• _WHAT YOU WILL DO_: Word for word, repeat the data; no picture should appear in the result.

• _INPUT DATA_:

+--

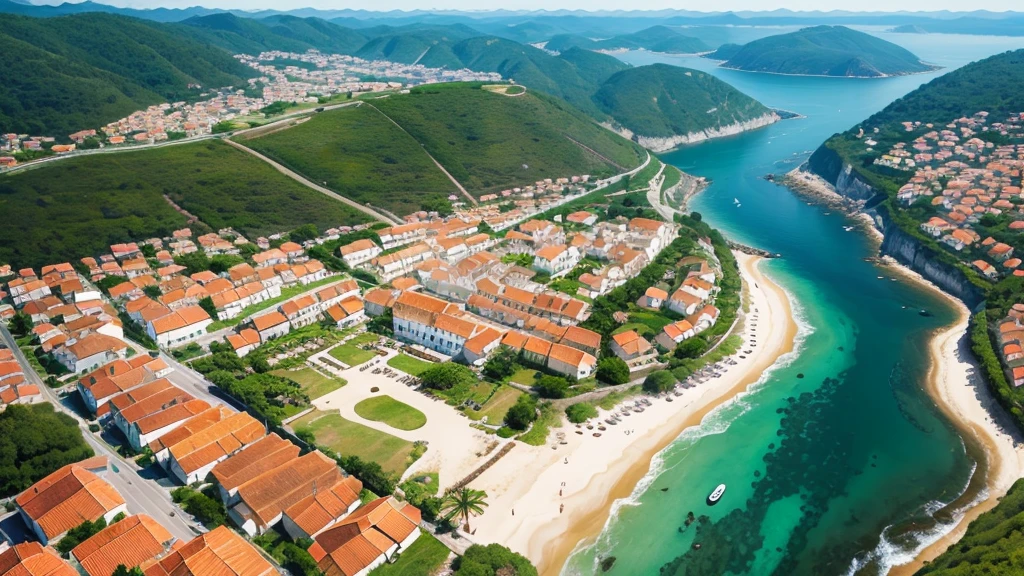 Beautiful scenery of ancient Portuguese village, Aerial view, Photorealistic photos, High definition.
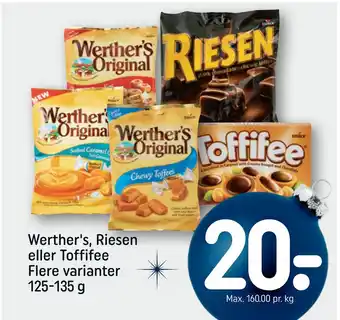 REMA 1000 Werther's, riesen eller toffifee tilbud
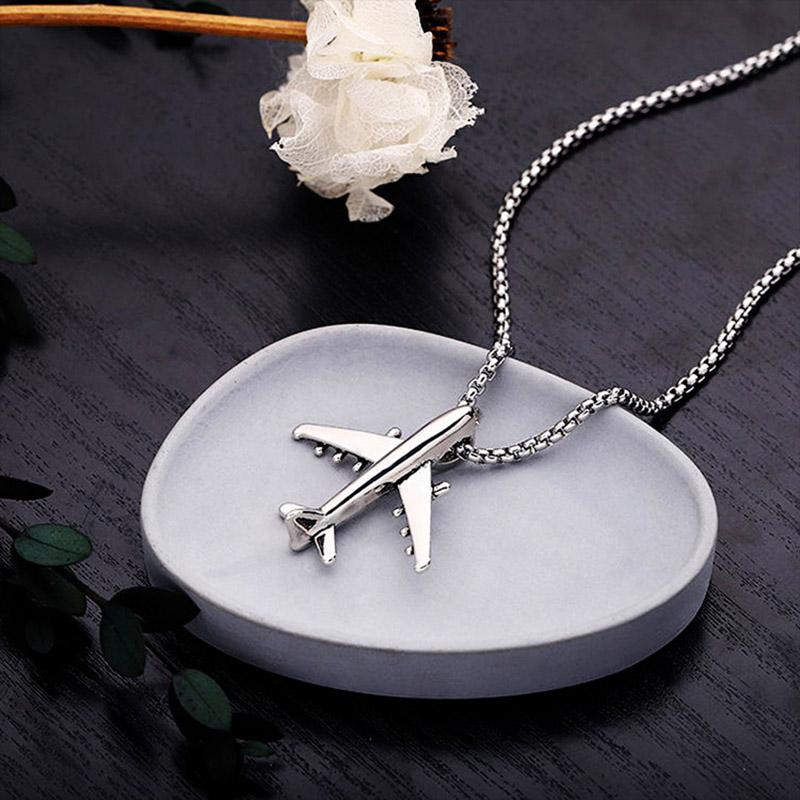 

Noter New Trendy Men Airplane Necklace 28 Inchs Long Collar Hiphop Rock Pendant Colar Masculino Male Accessories Boyfriend Gift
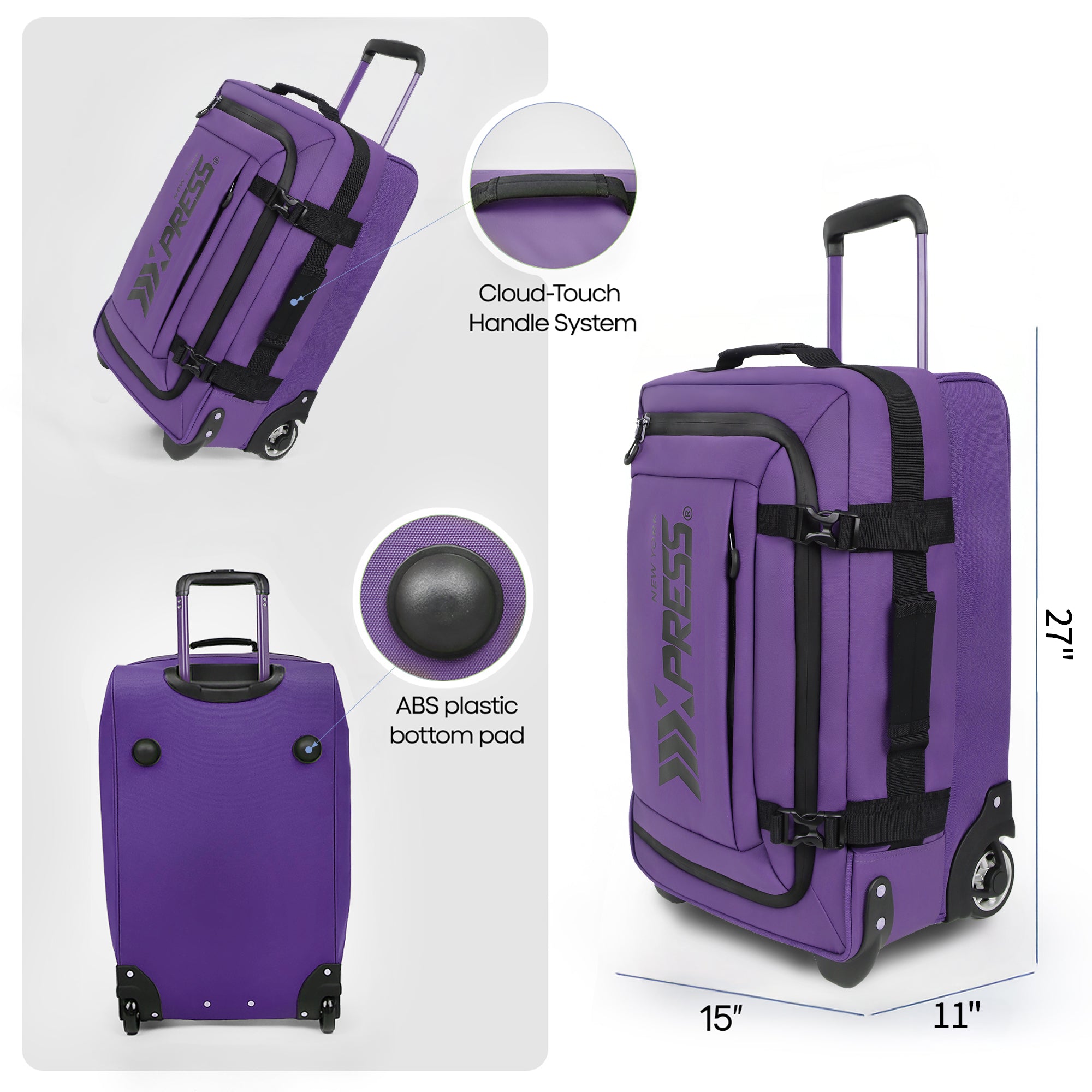 New York XPress TA-069-20'' Rolling Duffle Bag w/Wheels,26in/30in Rolling Duffle Bag w/Handle,Carry on Luggage Travel Duffle Bags for Man Women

+--

• _SOLUTION FOR THIS EXERCISE_:
 Beautiful scenery of ancient Portuguese village, Aerial view, Photorealistic photos, High definition.
 REMA 1000 Werther's, riesen eller toffifee tilbud

Noter New Trendy Men Airplane Necklace 28 Inchs Long Collar Hiphop Rock Pendant Colar Masculino Male Accessories Boyfriend Gift
 New York XPress TA-069-20'' Rolling Duffle Bag w/Wheels,26in/30in Rolling Duffle Bag w/Handle,Carry on Luggage Travel Duffle Bags for Man Women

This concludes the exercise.